The designers at Paris Menswear a/w ’12 fashion week put their unique stamp on the dominating trends already seen in Milan. From leather accents to outlandish reinterpretations of classic styles, the Paris collections were unabashed and at their best.
Statement leather and leather details were seen everywhere. YSL featured the material in lapels, turtlenecks and even shoulders, which were patched in soft black leather. Dark skin treated sleeves melted into Alexander McQueen’s zip-up wool bomber jacket, while Acne featured malleable leather shirts and Phillip Lim chose dense and heavy leather for his hip-length vest and jumper. Unexpected texture made its way in via quilting techniques in Christian Dior’s olive brown parka and Balmain’s skinny leather trousers with quilted knee patches, which were paired with strong blue pea-coats.
Designers also delivered exceptional interpretations of the gentleman’s suit, which went beyond classic ideals. Sarah Burton’s double-breasted three-piece suit in crisp white pinstripes was a success, as was the shorts suit presented at Raf Simons. Jean Paul Gaultier took a deconstruction approach, layering jacket vests over cummerbunds, collars and lapels. Influenced by Marine suits, Thierry Mugler’s Nicola Formachetti focused on tailoring and construction by minimizing (or removing) details such as pockets and lapels. Military nuances were also seen at Hermes, where sophisticated charcoal suits resembled uniforms and were accompanied by belted coats in leather and exotic skins.

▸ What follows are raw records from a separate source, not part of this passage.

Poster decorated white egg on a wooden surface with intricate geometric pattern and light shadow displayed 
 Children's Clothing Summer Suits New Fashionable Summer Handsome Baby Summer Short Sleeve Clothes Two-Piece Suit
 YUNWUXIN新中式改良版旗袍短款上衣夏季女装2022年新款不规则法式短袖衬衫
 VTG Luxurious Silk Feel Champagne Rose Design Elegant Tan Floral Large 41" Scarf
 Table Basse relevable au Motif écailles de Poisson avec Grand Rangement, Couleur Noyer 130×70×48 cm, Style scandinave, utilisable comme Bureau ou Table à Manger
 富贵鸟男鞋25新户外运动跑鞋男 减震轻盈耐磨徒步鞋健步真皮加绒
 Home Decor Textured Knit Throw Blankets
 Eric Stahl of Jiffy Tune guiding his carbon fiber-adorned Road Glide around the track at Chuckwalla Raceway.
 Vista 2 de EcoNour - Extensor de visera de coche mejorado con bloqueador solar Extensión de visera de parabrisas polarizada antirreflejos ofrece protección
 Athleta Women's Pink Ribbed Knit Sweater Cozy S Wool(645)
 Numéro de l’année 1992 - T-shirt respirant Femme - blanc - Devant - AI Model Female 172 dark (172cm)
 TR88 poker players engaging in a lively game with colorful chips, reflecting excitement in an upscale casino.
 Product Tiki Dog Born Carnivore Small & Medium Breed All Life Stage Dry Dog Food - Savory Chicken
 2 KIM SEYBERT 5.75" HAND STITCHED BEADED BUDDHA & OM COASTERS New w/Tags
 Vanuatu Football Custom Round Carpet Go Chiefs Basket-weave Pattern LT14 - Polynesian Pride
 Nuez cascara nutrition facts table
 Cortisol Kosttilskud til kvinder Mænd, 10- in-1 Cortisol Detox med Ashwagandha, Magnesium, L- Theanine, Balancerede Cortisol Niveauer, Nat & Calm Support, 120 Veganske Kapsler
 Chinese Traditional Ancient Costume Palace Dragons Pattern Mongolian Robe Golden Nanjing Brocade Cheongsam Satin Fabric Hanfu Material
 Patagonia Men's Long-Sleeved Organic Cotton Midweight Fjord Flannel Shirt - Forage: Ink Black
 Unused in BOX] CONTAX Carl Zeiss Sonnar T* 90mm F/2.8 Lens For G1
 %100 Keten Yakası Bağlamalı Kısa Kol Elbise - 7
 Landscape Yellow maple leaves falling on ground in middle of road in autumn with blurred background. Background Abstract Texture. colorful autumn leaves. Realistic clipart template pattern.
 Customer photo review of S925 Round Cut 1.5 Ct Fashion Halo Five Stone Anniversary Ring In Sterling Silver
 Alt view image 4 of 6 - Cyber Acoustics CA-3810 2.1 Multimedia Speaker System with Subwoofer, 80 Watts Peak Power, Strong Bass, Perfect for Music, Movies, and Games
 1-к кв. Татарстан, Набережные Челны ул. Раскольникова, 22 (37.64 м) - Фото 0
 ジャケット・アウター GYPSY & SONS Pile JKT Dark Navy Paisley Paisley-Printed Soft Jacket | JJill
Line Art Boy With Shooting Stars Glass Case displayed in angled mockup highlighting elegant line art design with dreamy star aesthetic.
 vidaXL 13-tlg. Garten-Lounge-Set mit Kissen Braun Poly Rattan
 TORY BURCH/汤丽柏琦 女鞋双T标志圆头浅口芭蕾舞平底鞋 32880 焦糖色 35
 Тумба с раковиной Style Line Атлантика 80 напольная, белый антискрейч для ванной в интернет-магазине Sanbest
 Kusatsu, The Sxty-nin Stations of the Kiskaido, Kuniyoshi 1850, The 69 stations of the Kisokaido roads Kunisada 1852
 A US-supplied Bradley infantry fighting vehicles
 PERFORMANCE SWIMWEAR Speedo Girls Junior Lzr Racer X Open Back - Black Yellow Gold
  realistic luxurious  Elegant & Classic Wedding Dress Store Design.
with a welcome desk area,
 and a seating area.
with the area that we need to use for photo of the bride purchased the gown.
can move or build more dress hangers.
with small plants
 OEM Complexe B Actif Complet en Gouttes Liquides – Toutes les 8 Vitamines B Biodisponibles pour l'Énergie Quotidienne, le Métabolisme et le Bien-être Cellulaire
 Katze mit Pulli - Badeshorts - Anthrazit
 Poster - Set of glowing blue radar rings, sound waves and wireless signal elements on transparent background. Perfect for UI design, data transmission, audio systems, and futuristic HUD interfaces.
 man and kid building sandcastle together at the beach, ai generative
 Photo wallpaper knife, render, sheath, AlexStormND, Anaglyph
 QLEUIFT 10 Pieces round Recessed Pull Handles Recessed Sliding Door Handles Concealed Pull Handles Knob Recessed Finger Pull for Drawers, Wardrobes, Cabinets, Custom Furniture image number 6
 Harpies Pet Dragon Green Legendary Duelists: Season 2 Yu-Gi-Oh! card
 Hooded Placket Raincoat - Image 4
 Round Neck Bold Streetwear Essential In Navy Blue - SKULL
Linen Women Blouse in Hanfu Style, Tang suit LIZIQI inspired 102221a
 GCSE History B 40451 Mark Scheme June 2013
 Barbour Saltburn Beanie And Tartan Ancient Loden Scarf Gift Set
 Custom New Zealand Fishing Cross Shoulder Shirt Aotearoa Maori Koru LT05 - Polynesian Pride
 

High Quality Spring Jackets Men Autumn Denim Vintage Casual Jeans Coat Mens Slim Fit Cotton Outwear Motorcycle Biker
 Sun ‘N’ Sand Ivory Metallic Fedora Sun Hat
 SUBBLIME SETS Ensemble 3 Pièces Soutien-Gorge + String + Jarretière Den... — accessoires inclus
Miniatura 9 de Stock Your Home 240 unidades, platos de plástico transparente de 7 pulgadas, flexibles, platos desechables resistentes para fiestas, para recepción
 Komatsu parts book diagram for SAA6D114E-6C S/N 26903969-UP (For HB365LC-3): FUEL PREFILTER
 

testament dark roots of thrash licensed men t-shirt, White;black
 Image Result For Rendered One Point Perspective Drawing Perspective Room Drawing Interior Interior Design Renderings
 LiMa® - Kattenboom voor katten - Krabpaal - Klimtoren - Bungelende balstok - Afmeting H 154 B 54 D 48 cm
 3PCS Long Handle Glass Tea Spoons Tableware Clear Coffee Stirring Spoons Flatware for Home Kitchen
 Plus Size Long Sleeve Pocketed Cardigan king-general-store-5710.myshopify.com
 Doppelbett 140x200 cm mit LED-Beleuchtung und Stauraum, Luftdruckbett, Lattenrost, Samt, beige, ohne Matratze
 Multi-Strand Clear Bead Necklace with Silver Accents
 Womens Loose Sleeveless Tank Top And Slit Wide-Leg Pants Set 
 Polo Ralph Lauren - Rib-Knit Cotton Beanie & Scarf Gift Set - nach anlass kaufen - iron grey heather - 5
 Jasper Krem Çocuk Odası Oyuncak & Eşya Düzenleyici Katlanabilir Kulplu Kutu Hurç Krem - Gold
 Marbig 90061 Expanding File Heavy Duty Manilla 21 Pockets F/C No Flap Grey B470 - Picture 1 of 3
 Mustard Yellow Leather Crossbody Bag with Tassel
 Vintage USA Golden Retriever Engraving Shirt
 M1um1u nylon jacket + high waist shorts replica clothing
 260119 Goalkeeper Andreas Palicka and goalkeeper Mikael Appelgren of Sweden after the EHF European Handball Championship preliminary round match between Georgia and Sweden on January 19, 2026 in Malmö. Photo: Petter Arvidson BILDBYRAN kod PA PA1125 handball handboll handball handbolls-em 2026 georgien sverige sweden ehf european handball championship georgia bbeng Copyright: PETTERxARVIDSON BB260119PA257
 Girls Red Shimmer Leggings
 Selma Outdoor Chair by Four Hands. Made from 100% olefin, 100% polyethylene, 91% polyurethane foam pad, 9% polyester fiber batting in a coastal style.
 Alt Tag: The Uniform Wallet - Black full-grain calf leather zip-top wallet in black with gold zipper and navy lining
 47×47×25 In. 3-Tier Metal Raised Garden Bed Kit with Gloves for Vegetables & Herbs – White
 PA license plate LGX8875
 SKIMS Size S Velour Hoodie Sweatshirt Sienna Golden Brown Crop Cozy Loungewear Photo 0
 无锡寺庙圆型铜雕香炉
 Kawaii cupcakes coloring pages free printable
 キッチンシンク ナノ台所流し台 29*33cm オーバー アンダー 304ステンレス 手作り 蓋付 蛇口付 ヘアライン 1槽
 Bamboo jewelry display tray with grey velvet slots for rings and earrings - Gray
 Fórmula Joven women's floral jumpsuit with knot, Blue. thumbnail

As always, Paris also upheld its reputation for breaking and making trends. Thom Browne’s sinister collection of punks versus jocks introduced exaggerated quarterback shoulders, devilish spiked masks and schnauzer prints. Lanvin’s eye-catching jailhouse looks featured high-waist trousers, puffed jumpers and wide navy stripes cut across orange coats, blazers and pleated pants. Yohji Yamamoto’s real life models donned pauper ensembles (layers of oversized red silk, wide wool suits and padded overcoats with blanket scarves). Rei Kawakuba presented an androgynous libertarian collection for Comme des Garçons that was filled with tailored coats in polka-dot and floral prints. Henrik Vibsgov’s affluent hippy collection included mature deep v-neck cardigans in printed knits and slouching trousers with tapered ankles and zip decals. And Junya Wantanabe’s a/w ’12 collection, entitled “Work,” was by far the most relaxed with country inspired flannel shirts and colorful suspenders holding up heavy dark denim.